Ofcom analysis of 2.3 million tweets in the first half of last season found nearly 60,000 abusive posts, affecting seven in 10 top-flight players.
Half of that abuse was directed at just 12 individuals – eight from United. However, the study by the Alan Turing Institute also found the vast majority of fans use social media responsibly.
“These findings shed light on a dark side to the beautiful game,” said Kevin Bakhurst, Ofcom’s group director for broadcasting and online content.
“Online abuse has no place in sport, nor in wider society, and tackling it requires a team effort.”

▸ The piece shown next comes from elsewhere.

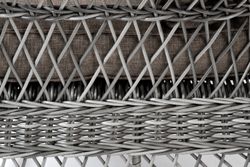 "Гранд Латте" диван трехместный из искусственного ротанга, цвет графит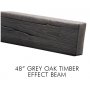 48" Grey Oak Timber Effect Beam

The UK is set to introduce new laws aimed at making online users safer, while preserving freedom of expression. The Online Safety Bill will introduce rules for sites and apps such as social media, search engines and messaging platforms – as well as other services that people use to share content online.
To download the full report about Twitter abuse of football players go to Ofcom’s website here.
What Ofcom found
- The vast majority of fans use social media responsibly. Of the manually-reviewed random sample of 3,000 tweets, 57% were positive towards players, 27% were neutral and 12.5% were critical. However, the remaining 3.5% were abusive. Similarly, of the 2.3 million tweets analysed with the machine-learning tool, 2.6% contained abuse.
- Hundreds of abusive tweets are sent to footballers every day. While the proportion of abusive tweets might be low, this still amounts to nearly 60,000 abusive tweets directed towards Premier League players in just the first half of the season – an average of 362 every day, equivalent to one every four minutes. Around one in twelve personal attacks (8.6%) targeted a victim’s protected characteristic, such as their race or gender.
- Seven in every ten Premier League players are targeted. Over the period, 68% of players (418 out of 618) received at least one abusive tweet, and one in fourteen (7%) received abuse every day.
- A handful of players face a barrage of abuse. Ofcom recorded which footballers were targeted, and found that half of all abuse towards Premier Leaguers is directed at twelve particular players. These players each received an average of 15 abusive tweets every day.
Among those who came across abuse, more than half (51%) said they found the content extremely offensive, but a significant proportion didn’t take any action in response (30%). Only around one in every four (26%) used the flagging and reporting tools to alert the abusive content to the platform, or marked the content as junk.